For appreciation of the present dispute, let us see the relevant terms and conditions of the agreement. Clause 5.a of the agreement pertains to possession which rewrites below-
“(i). That the developer shall make its best endeavours to deliver the possession of the apartment to the purchaser by 31st march, 2011, subject, however, to ‘Force Majeure circumstances and after all dues in respect of the apartment including stamp duty and registration charges as applicable have been paid. It is, however, understood between the parties that various blocks/towers comprised in the complex shall be ready and completed in phases and after completion, the apartments shall be handed over to the purchaser in the respective block/Tower”.
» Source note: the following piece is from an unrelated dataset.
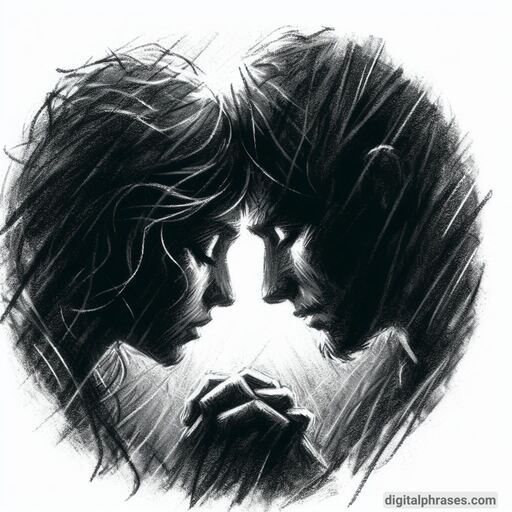 drawing of a couple holding hands and forehead gently pressed together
The Force Majeure circumstances has been mentioned in Clause 9.a of the Agreement which provides that if the completion of apartment is delayed for reasons of Force Majeure which inter alia include delay on account of non-availability of steel, cement or any other building materials or water supply or electricity power back-up or slow down, strike or due to dispute with the construction agency employed by the developer, civil commotion or war or criminal action or earth quake or any act of God, delay in certain decisions/clearance from the statutory bodies or any notice, order, rule or notification of the Government or any public or any competent authority or any change in the policy of government/statutory bodies or for any other reason which are beyond the control of the developer. But it reveals that no such occurrence has happened. The delay in handing over the possession of the apartment could have been justified if there was to be a new legislation, regulation or order suspending, stopping or delaying the construction of the complex and the apartments.
The fact remains that the O.P./Developer has failed to advance any evidence as to reasons for delay in handing over the apartment to the complainant as per clause 5.a of the terms of agreement. The O.P Company has raised some Force Majeure circumstances but none of them appeared to be acceptable. The delay in handing over the possession of the apartment could be justified if there was to be new legislation, regulation or order suspending, stopping of delaying the construction of the complex and the apartments. Therefore, the Force Majeure circumstances are totally inapplicable in the facts and circumstances of the present case.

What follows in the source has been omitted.